▶ **DIRECTIONS FOR THIS TASK**: Give again, word for word, each line below starting at the one that contains "example of one" and ending at the one that contains "Leksikos klaidos. Žargonas".

++++++++

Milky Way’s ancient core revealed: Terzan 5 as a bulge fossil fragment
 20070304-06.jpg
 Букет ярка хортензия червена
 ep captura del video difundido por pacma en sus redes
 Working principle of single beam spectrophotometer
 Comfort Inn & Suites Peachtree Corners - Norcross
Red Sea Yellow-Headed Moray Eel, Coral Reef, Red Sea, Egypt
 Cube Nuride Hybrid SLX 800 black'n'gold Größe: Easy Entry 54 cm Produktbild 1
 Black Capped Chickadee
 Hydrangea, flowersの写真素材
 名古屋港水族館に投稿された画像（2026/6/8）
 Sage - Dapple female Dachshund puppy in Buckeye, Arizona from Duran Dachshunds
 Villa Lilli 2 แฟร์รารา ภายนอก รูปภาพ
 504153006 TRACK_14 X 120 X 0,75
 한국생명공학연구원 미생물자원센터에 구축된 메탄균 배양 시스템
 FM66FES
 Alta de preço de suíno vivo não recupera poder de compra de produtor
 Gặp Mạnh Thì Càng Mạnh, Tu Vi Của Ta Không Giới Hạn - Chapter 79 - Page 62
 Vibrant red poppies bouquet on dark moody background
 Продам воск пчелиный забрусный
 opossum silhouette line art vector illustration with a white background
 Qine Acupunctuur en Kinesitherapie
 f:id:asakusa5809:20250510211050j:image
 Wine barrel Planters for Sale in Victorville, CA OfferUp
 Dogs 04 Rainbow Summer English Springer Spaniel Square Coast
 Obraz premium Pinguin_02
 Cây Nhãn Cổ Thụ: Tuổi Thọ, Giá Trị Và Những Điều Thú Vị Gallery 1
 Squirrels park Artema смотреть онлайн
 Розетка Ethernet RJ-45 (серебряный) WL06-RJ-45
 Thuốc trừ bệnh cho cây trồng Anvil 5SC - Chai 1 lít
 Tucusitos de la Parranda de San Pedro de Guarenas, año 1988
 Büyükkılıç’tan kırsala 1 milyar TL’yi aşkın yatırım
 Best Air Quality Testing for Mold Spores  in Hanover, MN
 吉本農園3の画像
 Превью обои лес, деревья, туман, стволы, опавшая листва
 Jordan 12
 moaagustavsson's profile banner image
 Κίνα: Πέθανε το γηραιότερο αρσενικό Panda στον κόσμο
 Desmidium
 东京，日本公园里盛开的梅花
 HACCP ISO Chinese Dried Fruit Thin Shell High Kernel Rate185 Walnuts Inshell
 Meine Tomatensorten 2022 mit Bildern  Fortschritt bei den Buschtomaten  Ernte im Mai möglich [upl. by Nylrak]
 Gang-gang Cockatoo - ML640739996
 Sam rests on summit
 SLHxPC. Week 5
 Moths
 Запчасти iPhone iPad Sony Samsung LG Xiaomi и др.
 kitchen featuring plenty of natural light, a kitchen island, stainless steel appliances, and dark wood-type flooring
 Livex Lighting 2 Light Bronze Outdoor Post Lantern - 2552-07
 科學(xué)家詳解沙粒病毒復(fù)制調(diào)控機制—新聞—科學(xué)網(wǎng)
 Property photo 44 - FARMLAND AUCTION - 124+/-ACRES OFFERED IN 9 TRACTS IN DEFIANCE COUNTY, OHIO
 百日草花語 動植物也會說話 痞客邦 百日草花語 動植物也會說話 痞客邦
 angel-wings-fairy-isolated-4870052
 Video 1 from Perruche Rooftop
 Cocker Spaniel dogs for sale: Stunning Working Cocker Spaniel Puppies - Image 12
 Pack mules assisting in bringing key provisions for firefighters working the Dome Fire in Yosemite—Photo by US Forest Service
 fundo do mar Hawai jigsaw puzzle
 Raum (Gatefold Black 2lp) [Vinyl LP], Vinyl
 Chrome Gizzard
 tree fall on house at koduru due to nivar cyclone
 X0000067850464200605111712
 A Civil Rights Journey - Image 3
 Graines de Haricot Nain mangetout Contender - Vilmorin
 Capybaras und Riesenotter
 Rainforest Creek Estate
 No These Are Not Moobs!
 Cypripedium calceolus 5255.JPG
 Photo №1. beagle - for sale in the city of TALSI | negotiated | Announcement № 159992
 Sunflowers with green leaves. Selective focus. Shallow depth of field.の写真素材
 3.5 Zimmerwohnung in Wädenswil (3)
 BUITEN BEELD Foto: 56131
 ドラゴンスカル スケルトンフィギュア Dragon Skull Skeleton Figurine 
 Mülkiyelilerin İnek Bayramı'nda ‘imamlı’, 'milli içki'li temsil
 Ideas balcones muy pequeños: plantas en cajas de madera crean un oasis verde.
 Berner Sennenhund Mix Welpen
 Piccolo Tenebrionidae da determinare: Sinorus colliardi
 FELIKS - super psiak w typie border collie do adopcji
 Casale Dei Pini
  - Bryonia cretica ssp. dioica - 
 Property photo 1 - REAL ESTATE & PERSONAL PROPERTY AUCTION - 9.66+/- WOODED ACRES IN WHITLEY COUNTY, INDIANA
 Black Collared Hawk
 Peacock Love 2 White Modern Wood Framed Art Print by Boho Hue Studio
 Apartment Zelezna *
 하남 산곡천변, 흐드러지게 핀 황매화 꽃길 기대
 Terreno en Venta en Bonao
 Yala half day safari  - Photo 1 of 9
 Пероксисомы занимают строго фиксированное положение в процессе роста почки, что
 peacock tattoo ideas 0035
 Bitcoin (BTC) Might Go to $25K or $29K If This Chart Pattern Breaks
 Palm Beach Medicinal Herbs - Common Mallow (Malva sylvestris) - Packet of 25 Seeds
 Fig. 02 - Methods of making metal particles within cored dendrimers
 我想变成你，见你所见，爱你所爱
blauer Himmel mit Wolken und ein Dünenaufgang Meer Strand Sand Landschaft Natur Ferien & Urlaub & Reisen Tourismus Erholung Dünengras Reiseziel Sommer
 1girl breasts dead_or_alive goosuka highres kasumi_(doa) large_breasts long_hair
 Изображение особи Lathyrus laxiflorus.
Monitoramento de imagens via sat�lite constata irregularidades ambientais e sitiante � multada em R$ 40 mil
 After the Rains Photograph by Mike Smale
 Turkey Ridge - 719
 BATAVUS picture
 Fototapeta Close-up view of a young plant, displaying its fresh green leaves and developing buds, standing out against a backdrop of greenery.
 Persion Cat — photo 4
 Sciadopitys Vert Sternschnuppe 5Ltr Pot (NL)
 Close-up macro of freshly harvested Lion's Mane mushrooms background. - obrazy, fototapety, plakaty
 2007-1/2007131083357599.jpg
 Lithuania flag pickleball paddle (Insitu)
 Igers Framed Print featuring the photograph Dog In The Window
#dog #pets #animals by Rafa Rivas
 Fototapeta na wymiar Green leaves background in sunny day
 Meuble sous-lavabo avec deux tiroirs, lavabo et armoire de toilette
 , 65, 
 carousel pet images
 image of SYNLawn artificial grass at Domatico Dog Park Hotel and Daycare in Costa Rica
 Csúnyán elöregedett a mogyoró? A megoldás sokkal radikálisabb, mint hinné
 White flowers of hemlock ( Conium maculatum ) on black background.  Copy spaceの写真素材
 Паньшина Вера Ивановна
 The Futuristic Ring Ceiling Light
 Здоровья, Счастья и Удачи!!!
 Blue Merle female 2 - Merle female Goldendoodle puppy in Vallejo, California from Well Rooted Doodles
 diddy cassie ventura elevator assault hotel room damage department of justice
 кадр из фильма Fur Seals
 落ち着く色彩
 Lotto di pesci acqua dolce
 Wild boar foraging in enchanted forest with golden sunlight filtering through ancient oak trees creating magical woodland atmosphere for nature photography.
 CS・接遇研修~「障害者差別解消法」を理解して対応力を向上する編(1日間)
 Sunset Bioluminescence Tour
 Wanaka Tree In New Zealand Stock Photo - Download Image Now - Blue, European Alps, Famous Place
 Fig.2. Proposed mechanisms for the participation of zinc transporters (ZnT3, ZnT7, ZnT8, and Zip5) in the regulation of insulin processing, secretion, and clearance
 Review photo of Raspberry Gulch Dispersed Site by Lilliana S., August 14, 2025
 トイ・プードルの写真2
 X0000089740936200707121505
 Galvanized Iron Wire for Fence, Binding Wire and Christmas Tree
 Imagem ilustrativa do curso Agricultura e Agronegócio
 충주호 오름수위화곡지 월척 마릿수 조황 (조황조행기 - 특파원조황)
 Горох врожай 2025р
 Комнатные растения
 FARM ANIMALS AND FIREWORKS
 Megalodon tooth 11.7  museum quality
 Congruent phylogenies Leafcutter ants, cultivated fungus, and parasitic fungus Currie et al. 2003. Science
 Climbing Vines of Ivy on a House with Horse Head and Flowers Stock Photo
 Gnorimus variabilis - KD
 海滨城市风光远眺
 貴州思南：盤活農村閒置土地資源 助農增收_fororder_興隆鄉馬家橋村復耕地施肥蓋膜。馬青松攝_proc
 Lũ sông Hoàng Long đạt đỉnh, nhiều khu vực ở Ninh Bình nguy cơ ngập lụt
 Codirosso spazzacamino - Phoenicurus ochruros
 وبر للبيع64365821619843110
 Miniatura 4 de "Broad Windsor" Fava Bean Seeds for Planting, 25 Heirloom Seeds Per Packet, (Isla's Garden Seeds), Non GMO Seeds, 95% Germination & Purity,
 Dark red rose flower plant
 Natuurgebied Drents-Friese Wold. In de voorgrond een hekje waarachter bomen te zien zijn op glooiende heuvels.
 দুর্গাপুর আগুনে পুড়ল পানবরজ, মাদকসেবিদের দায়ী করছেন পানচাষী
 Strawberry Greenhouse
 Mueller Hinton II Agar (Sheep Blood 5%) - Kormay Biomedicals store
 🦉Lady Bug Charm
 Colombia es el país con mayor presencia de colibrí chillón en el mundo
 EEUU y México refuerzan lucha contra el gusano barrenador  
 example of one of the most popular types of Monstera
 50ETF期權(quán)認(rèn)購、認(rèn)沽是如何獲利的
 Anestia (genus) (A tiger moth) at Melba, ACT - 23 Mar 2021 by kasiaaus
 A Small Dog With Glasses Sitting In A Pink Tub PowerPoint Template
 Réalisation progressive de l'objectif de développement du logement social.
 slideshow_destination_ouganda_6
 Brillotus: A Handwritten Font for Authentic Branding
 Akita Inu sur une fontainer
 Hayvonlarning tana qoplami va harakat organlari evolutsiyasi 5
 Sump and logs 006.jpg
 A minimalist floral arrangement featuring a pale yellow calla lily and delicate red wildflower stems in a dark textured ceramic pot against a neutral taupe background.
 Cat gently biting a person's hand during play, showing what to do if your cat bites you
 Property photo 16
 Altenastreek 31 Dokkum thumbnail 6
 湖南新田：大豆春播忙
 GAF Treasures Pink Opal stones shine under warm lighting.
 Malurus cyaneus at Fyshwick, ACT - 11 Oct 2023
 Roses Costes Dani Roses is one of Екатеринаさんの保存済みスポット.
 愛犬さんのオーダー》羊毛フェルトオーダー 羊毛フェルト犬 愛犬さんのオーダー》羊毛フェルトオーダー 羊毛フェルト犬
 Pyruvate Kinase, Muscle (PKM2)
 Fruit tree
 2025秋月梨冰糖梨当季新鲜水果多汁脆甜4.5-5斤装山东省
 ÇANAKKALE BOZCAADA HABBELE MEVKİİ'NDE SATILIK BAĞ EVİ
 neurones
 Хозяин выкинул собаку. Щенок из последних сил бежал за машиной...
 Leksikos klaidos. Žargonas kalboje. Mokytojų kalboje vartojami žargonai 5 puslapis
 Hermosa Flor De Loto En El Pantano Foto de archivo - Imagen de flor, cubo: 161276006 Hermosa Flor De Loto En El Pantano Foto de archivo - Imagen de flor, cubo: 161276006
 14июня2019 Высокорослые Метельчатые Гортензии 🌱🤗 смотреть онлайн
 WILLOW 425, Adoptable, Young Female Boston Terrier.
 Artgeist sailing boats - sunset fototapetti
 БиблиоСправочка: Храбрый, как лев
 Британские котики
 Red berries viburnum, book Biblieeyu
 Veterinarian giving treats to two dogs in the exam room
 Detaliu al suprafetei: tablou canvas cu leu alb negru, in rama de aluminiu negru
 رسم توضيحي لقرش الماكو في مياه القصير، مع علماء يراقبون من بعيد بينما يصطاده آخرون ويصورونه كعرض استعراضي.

++++++++

▶ **REPLY TO THE EXERCISE**:
 example of one of the most popular types of Monstera
 50ETF期權(quán)認(rèn)購、認(rèn)沽是如何獲利的
 Anestia (genus) (A tiger moth) at Melba, ACT - 23 Mar 2021 by kasiaaus
 A Small Dog With Glasses Sitting In A Pink Tub PowerPoint Template
 Réalisation progressive de l'objectif de développement du logement social.
 slideshow_destination_ouganda_6
 Brillotus: A Handwritten Font for Authentic Branding
 Akita Inu sur une fontainer
 Hayvonlarning tana qoplami va harakat organlari evolutsiyasi 5
 Sump and logs 006.jpg
 A minimalist floral arrangement featuring a pale yellow calla lily and delicate red wildflower stems in a dark textured ceramic pot against a neutral taupe background.
 Cat gently biting a person's hand during play, showing what to do if your cat bites you
 Property photo 16
 Altenastreek 31 Dokkum thumbnail 6
 湖南新田：大豆春播忙
 GAF Treasures Pink Opal stones shine under warm lighting.
 Malurus cyaneus at Fyshwick, ACT - 11 Oct 2023
 Roses Costes Dani Roses is one of Екатеринаさんの保存済みスポット.
 愛犬さんのオーダー》羊毛フェルトオーダー 羊毛フェルト犬 愛犬さんのオーダー》羊毛フェルトオーダー 羊毛フェルト犬
 Pyruvate Kinase, Muscle (PKM2)
 Fruit tree
 2025秋月梨冰糖梨当季新鲜水果多汁脆甜4.5-5斤装山东省
 ÇANAKKALE BOZCAADA HABBELE MEVKİİ'NDE SATILIK BAĞ EVİ
 neurones
 Хозяин выкинул собаку. Щенок из последних сил бежал за машиной...
 Leksikos klaidos. Žargonas kalboje. Mokytojų kalboje vartojami žargonai 5 puslapis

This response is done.